• Directions
Images should be omitted while the rest of the data is duplicated exactly.

• Data shown
▼▼▼

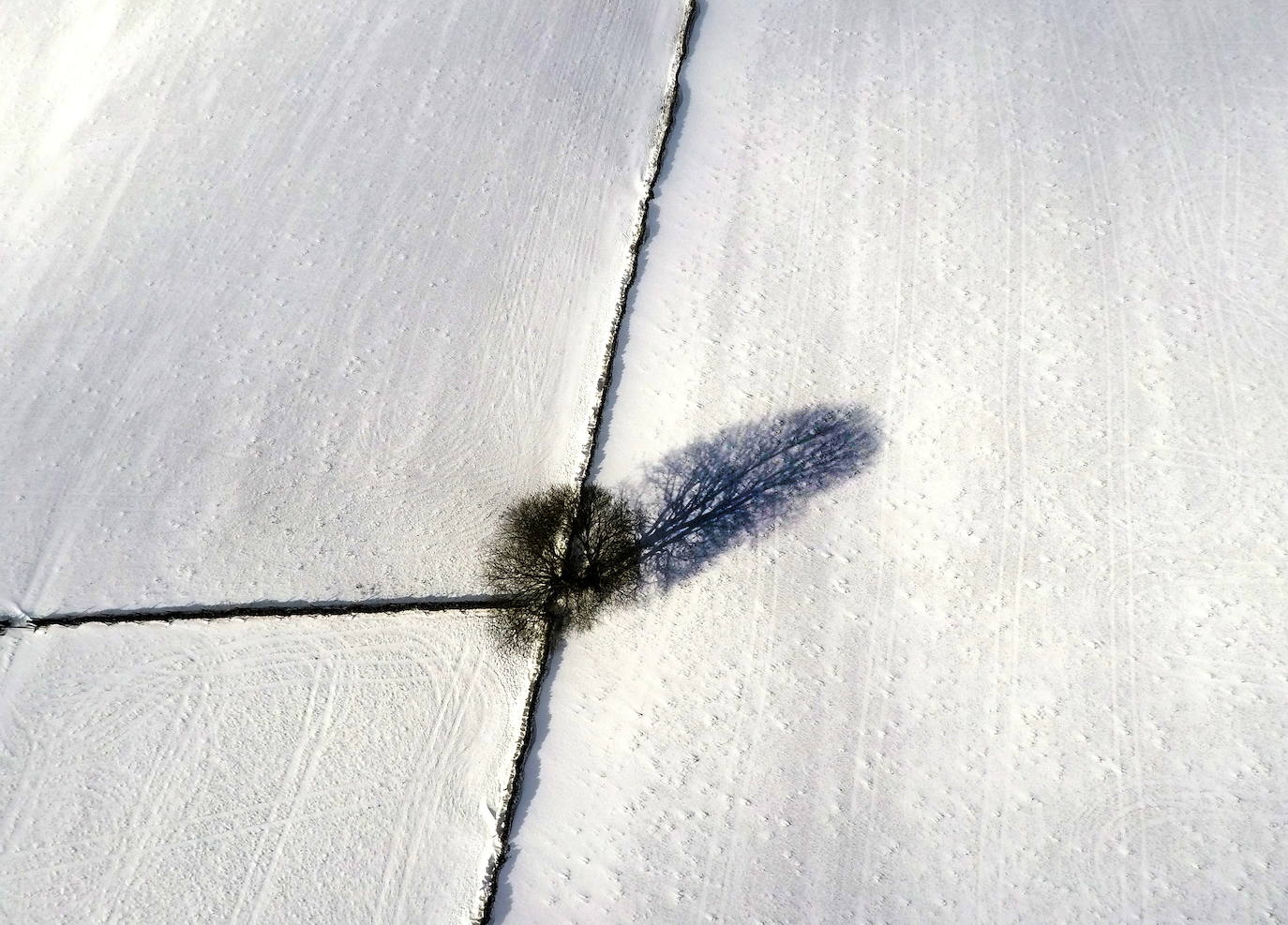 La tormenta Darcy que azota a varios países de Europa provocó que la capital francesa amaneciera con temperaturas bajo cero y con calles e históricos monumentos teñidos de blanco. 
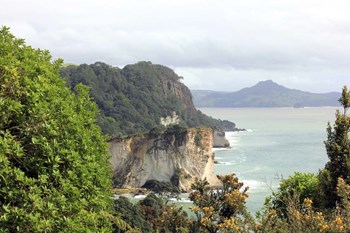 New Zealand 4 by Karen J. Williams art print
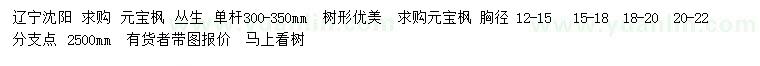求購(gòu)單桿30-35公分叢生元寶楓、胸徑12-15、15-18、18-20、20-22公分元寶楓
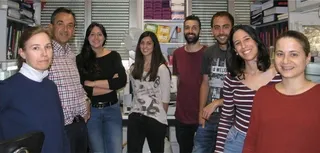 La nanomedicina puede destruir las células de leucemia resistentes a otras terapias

▲▲▲

• Answer
 La tormenta Darcy que azota a varios países de Europa provocó que la capital francesa amaneciera con temperaturas bajo cero y con calles e históricos monumentos teñidos de blanco. 
 New Zealand 4 by Karen J. Williams art print
求購(gòu)單桿30-35公分叢生元寶楓、胸徑12-15、15-18、18-20、20-22公分元寶楓
 La nanomedicina puede destruir las células de leucemia resistentes a otras terapias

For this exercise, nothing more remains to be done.